Choreography vs Orchestration

Aspect Choreography Orchestration
Coordination Services react to events independently Central orchestrator directs services
Coupling Loose (event-based) Tighter (orchestrator knows all services)
Visibility Distributed, harder to trace Centralized, easy to monitor
Complexity Logic distributed across services Logic centralized in orchestrator
Best For Simple flows, loose coupling Complex workflows, explicit control

Event Sourcing & CQRS

Event Sourcing

Store all state changes as a sequence of events.

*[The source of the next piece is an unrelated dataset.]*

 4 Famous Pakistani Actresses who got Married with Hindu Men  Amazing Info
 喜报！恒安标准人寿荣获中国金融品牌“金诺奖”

Current state is derived by replaying events.

# Event Sourcing Example - Bank Account
class BankAccount:
    def __init__(self, account_id):
        self.account_id = account_id
        self.balance = 0
        self.events = []
    
    # Commands create events
    def deposit(self, amount, timestamp):
        event = DepositEvent(
            account_id=self.account_id,
            amount=amount,
            timestamp=timestamp
        )
        self._apply(event)
        self.events.append(event)
    
    def withdraw(self, amount, timestamp):
        if amount > self.balance:
            raise InsufficientFundsError()
        
        event = WithdrawEvent(
            account_id=self.account_id,
            amount=amount,
            timestamp=timestamp
        )
        self._apply(event)
        self.events.append(event)
    
    # Apply events to update state
    def _apply(self, event):
        if isinstance(event, DepositEvent):
            self.balance += event.amount
        elif isinstance(event, WithdrawEvent):
            self.balance -= event.amount
    
    # Rebuild state from events
    @classmethod
    def rebuild_from_events(cls, account_id, events):
        account = cls(account_id)
        for event in events:
            account._apply(event)
        return account

# Event Store
class EventStore:
    def __init__(self):
        self.events = {}  # account_id -> [events]
    
    def save_events(self, aggregate_id, events, expected_version):
        # Optimistic concurrency check
        current_version = len(self.events.get(aggregate_id, []))
        if current_version != expected_version:
            raise ConcurrencyException()
        
        self.events.setdefault(aggregate_id, []).extend(events)
    
    def get_events(self, aggregate_id):
        return self.events.get(aggregate_id, [])

Benefits: Complete audit trail, temporal queries, debugging, replay

CQRS with Event Sourcing
flowchart LR
    subgraph Write ["Write Path"]
        CMD["Commands"] --> WM["Write Model"]
        WM --> ES["Event Store"]
    end

    ES --> EP["Events Published"]

    subgraph Read ["Read Path"]
        EP --> RM["Read Model
Materialized Views"]
        Q["Queries"] --> RM
    end

    style Write fill:#f0f4f8,stroke:#16476A
    style Read fill:#e8f4f4,stroke:#3B9797
                        

CQRS (Command Query Responsibility Segregation)

Separate models for reading (queries) and writing (commands) data.

# CQRS Implementation
# Write Model (Commands) - Handles business logic
class OrderCommandHandler:
    def __init__(self, event_store, event_bus):
        self.event_store = event_store
        self.event_bus = event_bus
    
    def handle_create_order(self, command):
        # Load aggregate from events
        events = self.event_store.get_events(command.order_id)
        order = Order.rebuild_from_events(events)
        
        # Execute business logic
        new_events = order.create(command.user_id, command.items)
        
        # Save new events
        self.event_store.save_events(command.order_id, new_events)
        
        # Publish events for read model update
        for event in new_events:
            self.event_bus.publish(event)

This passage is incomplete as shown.